Recently, Jeff Rainey noticed that the price of the 20-yard containers his company uses for construction debris had risen again, this time to about $425 per drop-off and pull. He checked with local colleagues to see if this was normal, and the results were “scary;” they were experiencing the same thing.
Piling Up Rainey, president of Home Equity Builders in Great Falls, Va., said he isn't sure why disposal prices have increased as rapidly as they have, but suspects that dump fees are a part of it. With landfill space at a premium, disposal companies are faced with a higher cost of doing business. They pass that on to remodelers and builders, but the buck stops there. “It's almost impossible to pass [all disposal costs] on to clients,” Rainey says. For one, it's difficult to foresee just how much waste a project will develop. Home Equity Builders has recently adjusted its contract language to allow for flexibility. For example, Rainey might tell a homeowner, “We figured three Dumpster loads for this project. If it ends up being more than three, it will cost this much more per load.”
Rainey is also careful to explain to homeowners that the container is there for construction debris only, not garbage of all kinds. “I tell them it's not there for you to unload your basement, or your neighbor to unload his attic,” he says, noting that waste haulers are very strict about what can be put into Dumpsters and that there are penalties for breaking these rules. Even then, certain things are out of the remodeler's control. With the container sitting out in the open for weeks at a time, it's easy for people in the neighborhood or passersby to deposit their trash.
Home Equity Builders was also recently hit with a fine for an over-capacity Dumpster. When Rainey originally called to have it picked up, the disposal company was too busy, so it was a week before it was taken from the site. During that time, “people [not employees] kept throwing stuff in it,” he says, resulting in an extra $250 charge.
If You Can't Beat 'Em … Randy Brown, president and owner of Clearwater Home Improvement in Mystic, Conn., says that disposal companies in his area charge anywhere from $100 to $150 to drop off the Dumpster, and approximately $100 per ton to pick it up. Brown says that a few years ago, he became “skeptical that they were rounding up” the tonnage and charging more money. Clearwater, a replacement contractor specializing in siding, windows, and roofing (in addition to some full-service remodeling), has a fair amount of construction debris. “It was getting to the point where my overhead was more and more [money] all the time,” Brown says. The solution: A little more that two years ago, Brown bought his own truck. “It's the best thing I ever did,” he says.

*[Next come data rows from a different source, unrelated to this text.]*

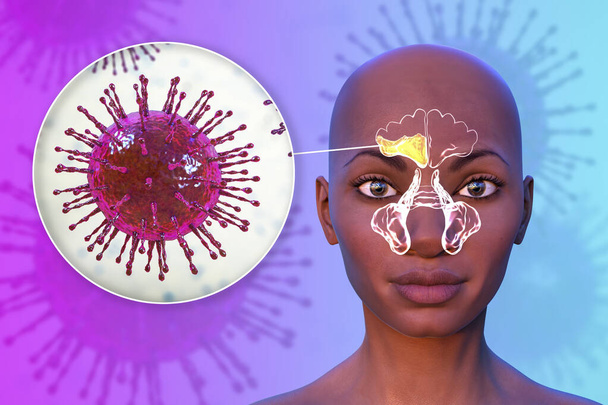 Παραρρινοκολπίτιδα, φλεγμονή των παραρρινικών κοιλοτήτων. 3D απεικόνιση που δείχνει πυώδη φλεγμονή του δεξιού μετωπιαίου κόλπου σε ένα πρόσωπο και κοντινή προβολή των ιών που προκαλούν ιγμορίτιδα - Φωτογραφία, εικόνα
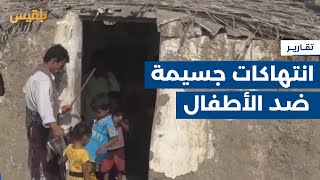 تقرير حقوقي يكشف مسؤولية مليشيا الحوثي عن غالبية الانتهاكات بحق الأطفال | تقرير: موسى النمراني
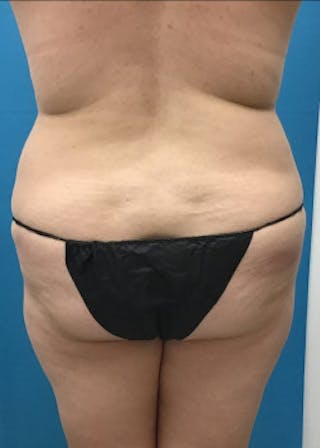 BodyTite Before & After Gallery - Patient 46612814 - Image 8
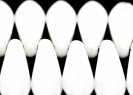 111-69-014 5x16mm 03000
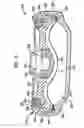 Fig. 06 - Variable flow infusion pump system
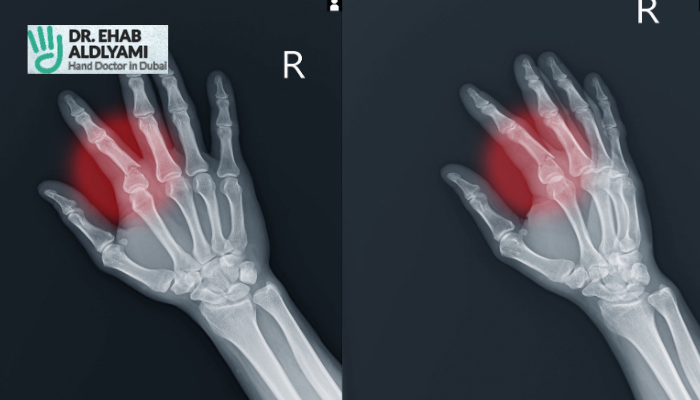 Common Scaphoid Fracture Complications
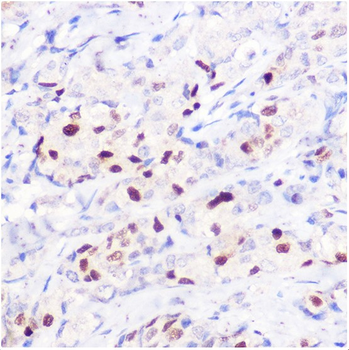 P21 Rabbit Polyclonal Antibody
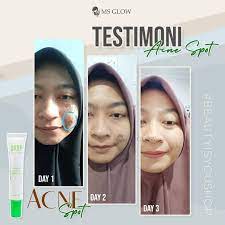 Ms Glow Acne Spot Ms Glow Original 100% Spot Totol Jerawat Terampuh Ms Glow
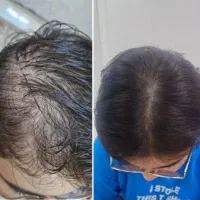 خط رویشت رفته عقب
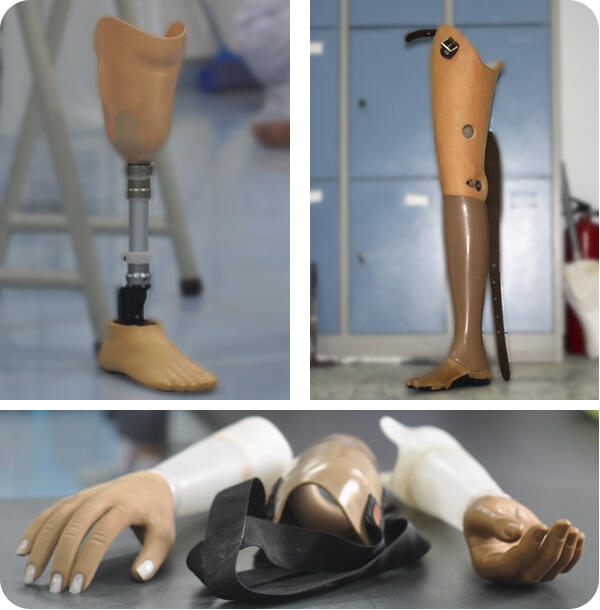 Prosthetics And Orthotics. Gan, Kenalan Ama Profesi Ini Biar Ga ...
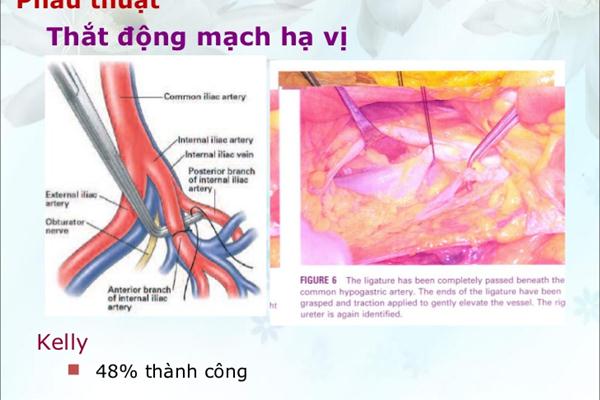 Phẫu Thuật Thắt Động Mạch Hạ Vị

In addition to the truck, Brown replaced the heating system in his home with a wood furnace. Feeding the stove with clean construction debris, he heats his house, pool, and water, and says he is “no longer dependent on oil” — a luxury that, in today's world of skyrocketing oil prices, is certainly a boon to his personal bottom line.

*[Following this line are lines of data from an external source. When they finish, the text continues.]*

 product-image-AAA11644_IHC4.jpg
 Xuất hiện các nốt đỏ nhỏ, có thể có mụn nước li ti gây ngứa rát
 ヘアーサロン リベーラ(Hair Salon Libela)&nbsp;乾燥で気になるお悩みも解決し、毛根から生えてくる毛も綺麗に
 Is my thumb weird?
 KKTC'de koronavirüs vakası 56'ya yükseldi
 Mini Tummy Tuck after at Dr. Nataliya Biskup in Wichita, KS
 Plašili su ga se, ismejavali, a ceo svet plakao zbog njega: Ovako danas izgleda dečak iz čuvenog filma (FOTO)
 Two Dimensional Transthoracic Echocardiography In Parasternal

On the business side, Brown says he's paying about $1,000 a month to get rid of building materials, whereas before he estimates the monthly disposal price tag at between $4,000 and $5,000.

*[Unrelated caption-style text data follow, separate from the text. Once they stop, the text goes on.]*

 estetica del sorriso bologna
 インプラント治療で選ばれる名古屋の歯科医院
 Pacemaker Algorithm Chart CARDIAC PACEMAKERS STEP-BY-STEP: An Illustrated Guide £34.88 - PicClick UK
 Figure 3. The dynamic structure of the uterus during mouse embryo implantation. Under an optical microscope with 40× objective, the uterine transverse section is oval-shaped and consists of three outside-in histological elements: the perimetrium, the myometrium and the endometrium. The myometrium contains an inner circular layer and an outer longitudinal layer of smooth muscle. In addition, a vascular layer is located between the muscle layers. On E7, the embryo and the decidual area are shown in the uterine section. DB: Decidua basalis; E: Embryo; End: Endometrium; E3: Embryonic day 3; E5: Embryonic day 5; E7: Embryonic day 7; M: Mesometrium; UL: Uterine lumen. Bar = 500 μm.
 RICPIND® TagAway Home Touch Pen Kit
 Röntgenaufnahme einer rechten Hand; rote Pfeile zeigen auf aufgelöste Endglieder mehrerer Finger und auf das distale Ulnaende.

He's also making money by renting the services to people he knows in the industry, including his plumbing and electrical subs. He charges a reduced rate, in part because of his established relationship with them, and in part because they provide him with enough word-of-mouth advertising that he doesn't incur any additional marketing costs. Brown says he invested about $100,000 to get the business — which is called At Your Service Disposal — up and running.
For his part, Rainey says he knows of remodelers who have bought their own dump trucks, but has no plans to do so himself. “I want to simplify my life, not complicate it,” he says.